I have also tried to pass a list of lists of numpy arrays:
where the first level of the batch represent the sample (here 2) and the second level is the sample with the list of 13 numpy arrays. Yet I am getting:
ValueError: Error when checking model target: you are passing a list as input to your model, but the model expects a list of 13 Numpy arrays instead. The list you passed was: [[array([ 0., 1.]), array([ 0., 1.]), array([ 0., 1.]), array([ 0., 1.]), array([ 0., 1.]), array([ 0., 1.]), array([ 0., 1.]), array([ 0., 1.]), array([ 0., 1.]), array([ 1., 0.]), array([
As suggested, I also tried to return a list() of numpy arrays of size [13,2]:
Where the error becomes:
ValueError: Error when checking model target: the list of Numpy arrays that you are passing to your model is not the size the model expected. Expected to see 13 arrays but instead got the following list of 2 arrays: [array([[ 0., 1.],
[ 0., 1.],
[ 0., 1.],
[ 0., 1.],
[ 0., 1.],
[ 0., 1.],
[ 0., 1.],
[ 0., 1.],
[ 0., 1.],
[ 1., 0.],
[ ...
The code
Below you can find the current code which generates one sample in sample_generator and a full batch in batch_generator (which uses sample_generator).
def batch_generator(w2v, file_path, meta_info, batch_size, sample_generator_fn, embedding_size):
Please note: The code shows now how I generate a list() of [13,2] ndarrays whereas the number of such ndarrays in that list is defined by batch_size.
try:
x = np.zeros((batch_size, meta_info.max_sequence_length, embedding_size, 1))

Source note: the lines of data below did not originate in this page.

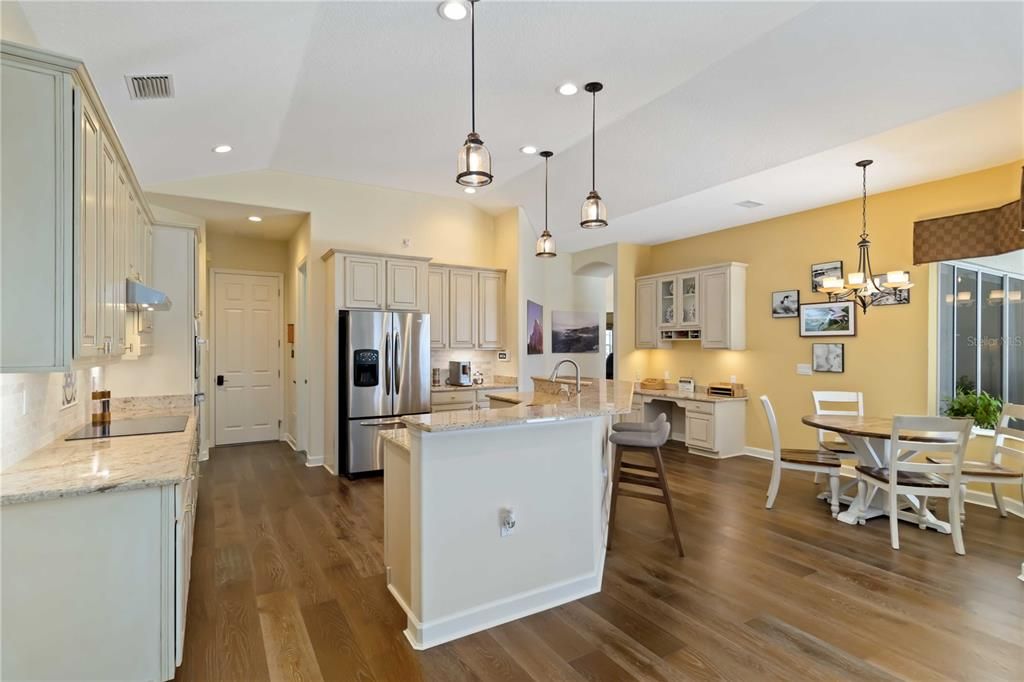 Active With Contract: $948,000 (4 beds, 3 baths, 3022 Square Feet)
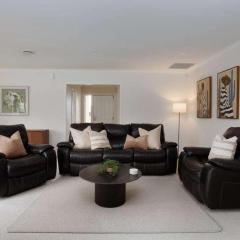 Beachwater Getaway Close to Walks Shops & Dining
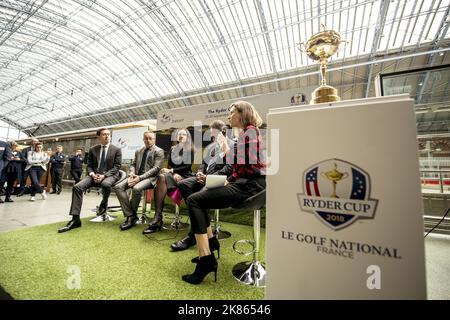 Di Dougherty, Event-Moderator Richard Hills, Ryder Cup Europe Director Gwenaellle Maret-Delos, Atout France Managing Director Paul Armitage, Le Golf National General Manager zusammen mit der Ryder Cup Trophäe auf der Ryder Cup Media Call - Rendezvous King Cross Bahnhof UK in Zusammenarbeit mit Eurostar und Atout France Tourism Stockfoto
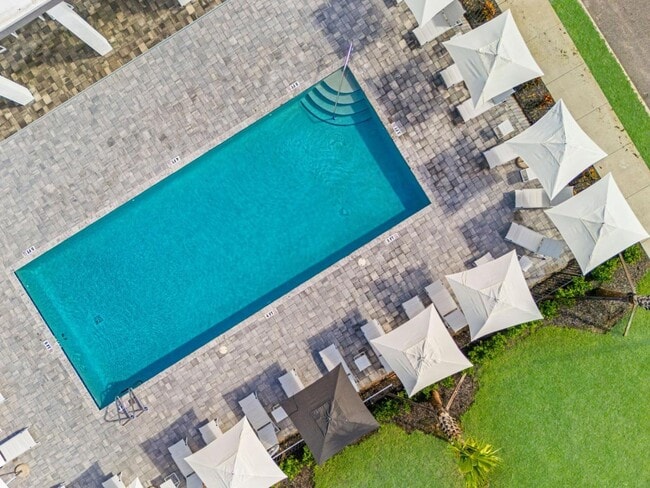 Photo - 384 Famagusta Dr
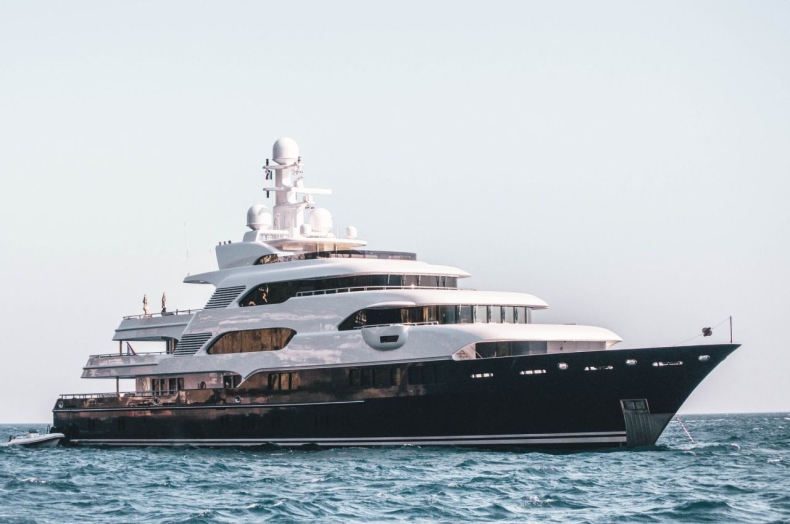 Premier Turyngii: skonfiskujmy oligarchom luksusowe jachty i przekażmy je Sea-Watch - GospodarkaMorska.pl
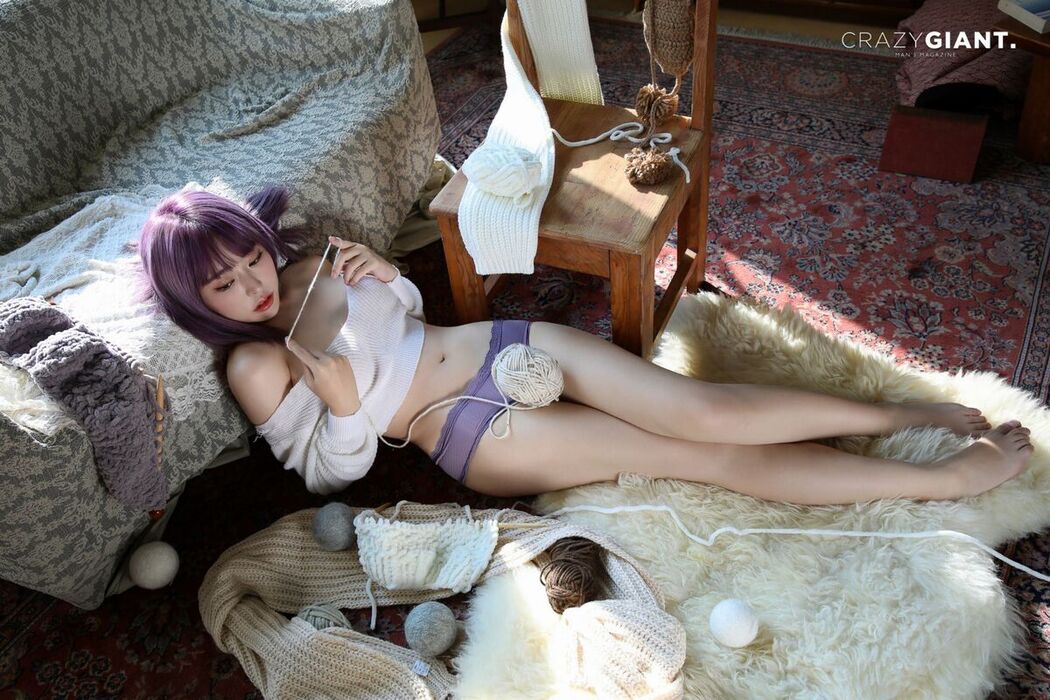 CRAZYGIANT Hanere &#8211; Sexy Photobook (55P)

y = list() #np.zeros((batch_size, 13, 1, 2))
file = open(file_path)
while True:
x[:] = 0.0
#y[:] = 0.0
for batch in range(batch_size):
sentence_info_json = file.readline()
if sentence_info_json == '':
file.seek(0)
sentence_info_json = file.readline()
sample = sample_generator_fn(w2v, sentence_info_json, meta_info)
if not sample:
continue
sentence_embedding = sample[0]
final_length = len(sentence_embedding)
x[batch, :final_length, :, 0] = sentence_embedding
y.append(sample[1])
shuffled = np.asarray(range(batch_size))
np.random.shuffle(shuffled)
x = x[shuffled]
#y = y[shuffled]
y = [y[i] for i in shuffled]
yield x, y
except Exception as e:
print('Error in generator.')
print(e)
raise e
def sample_generator(w2v, sentence_info_json, meta_info):
if not sentence_info_json:
print('???')
sentence_info = json.loads(sentence_info_json)
tokens = [token['word'] for token in sentence_info['corenlp']['tokens']]
sentence = Sentence(tokens=tokens)
sentence_embedding = w2v.get_word_vectors(sentence.tokens.tolist())
sentence_embedding = np.asarray([word_vector for word_vector in sentence_embedding if word_vector is not None])
final_length = len(sentence_embedding)
if final_length == 0:
return None
y = np.zeros((2, len(meta_info.category_dict)))
y[1, :] = 1.
#y_list = []
y_tar = np.zeros((len(meta_info.category_dict), 2))
for i in range(len(meta_info.category_dict)):
y_tar[i][1] = 1.0
# y_list.append(np.asarray([0.0, 1.0]))
for opinion in sentence_info['opinions']:
index = meta_info.category_dict[opinion['category']]
y_tar[index][0] = 1.0
y_tar[index][1] = 0.0
#y_list[index][0] = 1.0
#y_list[index][1] = 0.0
return sentence_embedding, y_tar
As requested, the call to fit_generator()
cnn.model.fit_generator(generator=batch_generator(word2vec,
train_file, train_meta_info,
num_batches, sample_generator,
embedding_size),
samples_per_epoch=2000,
nb_epoch=2,
# validation_data=batch_generator(test_file_path, train_meta_info),
# nb_val_samples=100,
verbose=True)
Your output should be a list as specified in the error. Each element of the list should be a numpy array of size [batch_size, nb_outputs]. So a list of 13 elements of size [batch_size,2] in your case.